**What you should do:**
Copy each line below exactly and leave the pictures out.

**Records excerpted from a collection:**
******************************
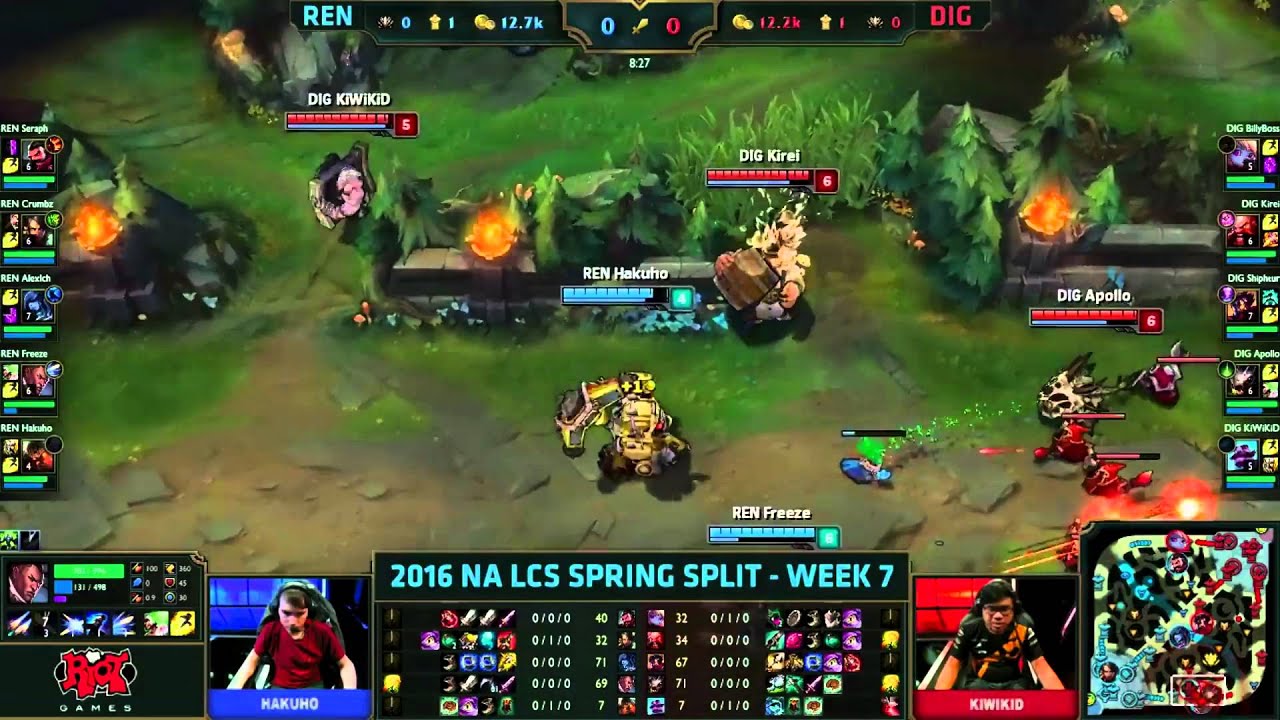 REN vs DIG (LCS 2016 NA W7D2) DOuble KILLSSS!!!
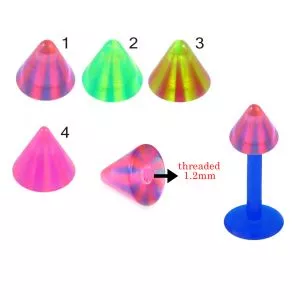Bio Flex Labret With Multi Stripe Fancy UV Cones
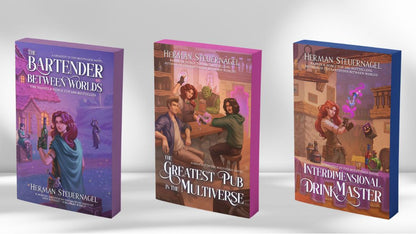Sprayed edge paperbacks of The Bartender Between Worlds, The Greatest Pub in the Multiverse and Interdimensional Drink Master by Herman Steuernagel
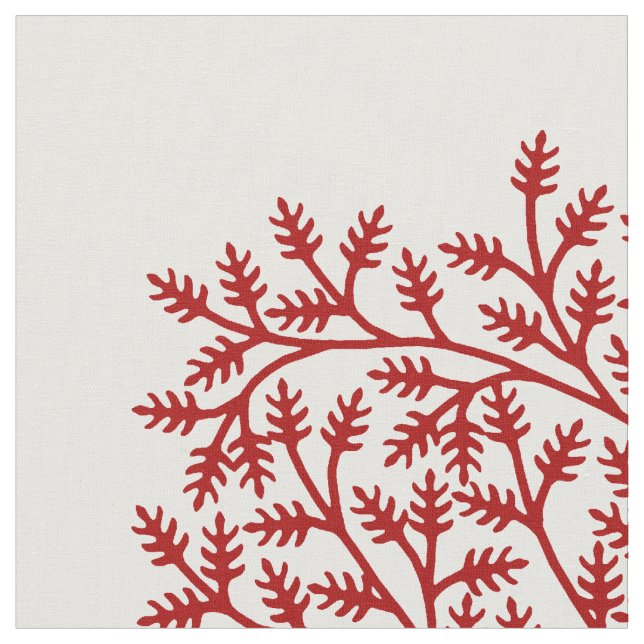 Tissu Arbre rouge stylisé (Fermer)
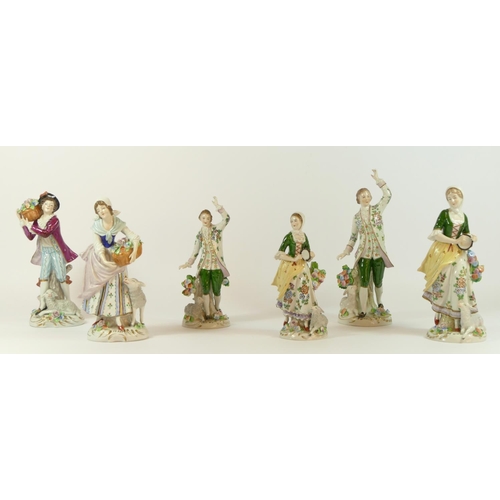 178 - Sitzendorf, a pair of late 19th/early20th century shepherd and shepherdess hard paste porcelain figu... 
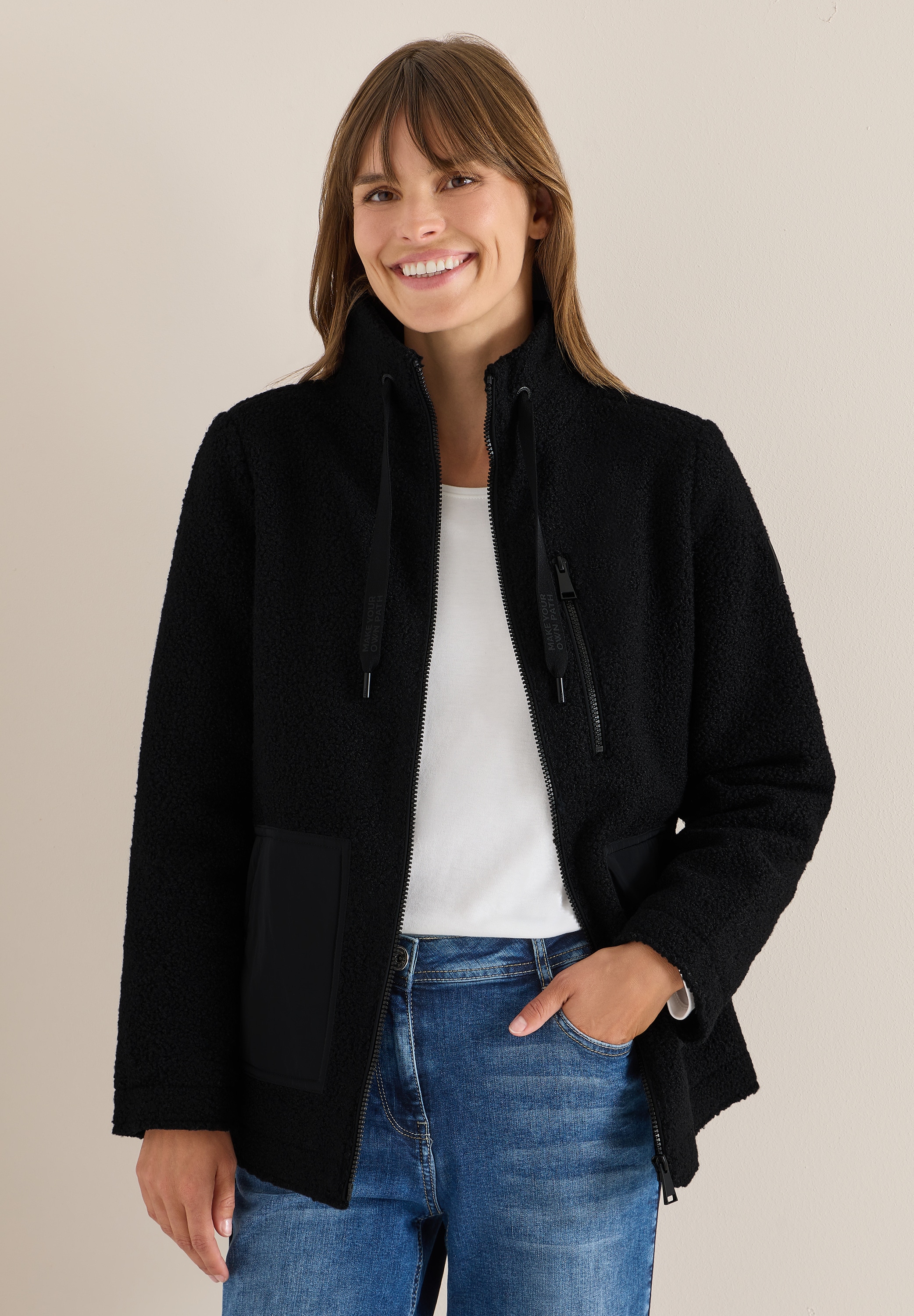 Cecil Fellimitatjacke ohne Kapuze mit Stehkragen günstig online kaufen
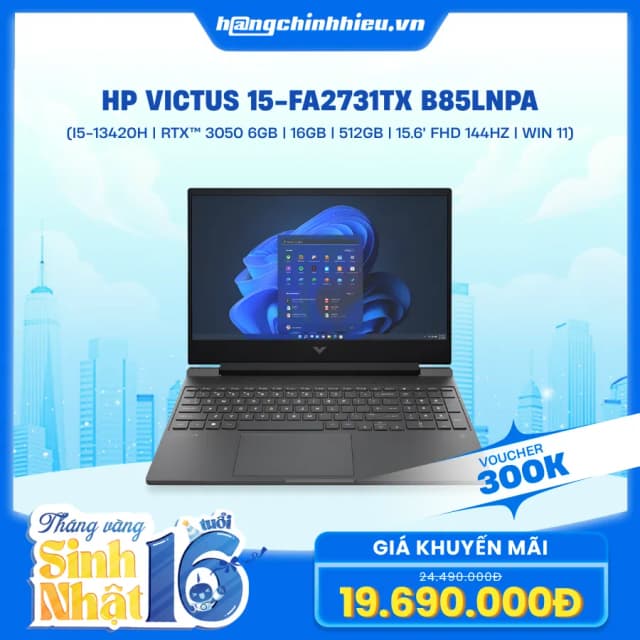 Laptop HP Gaming VICTUS 15 fa2731TX - B85LNPA (i5 13420H, 16GB, 512GB, RTX 3050 6GB, Full HD 144Hz, Win11) - 15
******************************
**Task output:**
 REN vs DIG (LCS 2016 NA W7D2) DOuble KILLSSS!!!
Bio Flex Labret With Multi Stripe Fancy UV Cones
Sprayed edge paperbacks of The Bartender Between Worlds, The Greatest Pub in the Multiverse and Interdimensional Drink Master by Herman Steuernagel
 Tissu Arbre rouge stylisé (Fermer)
 178 - Sitzendorf, a pair of late 19th/early20th century shepherd and shepherdess hard paste porcelain figu... 
 Cecil Fellimitatjacke ohne Kapuze mit Stehkragen günstig online kaufen
 Laptop HP Gaming VICTUS 15 fa2731TX - B85LNPA (i5 13420H, 16GB, 512GB, RTX 3050 6GB, Full HD 144Hz, Win11) - 15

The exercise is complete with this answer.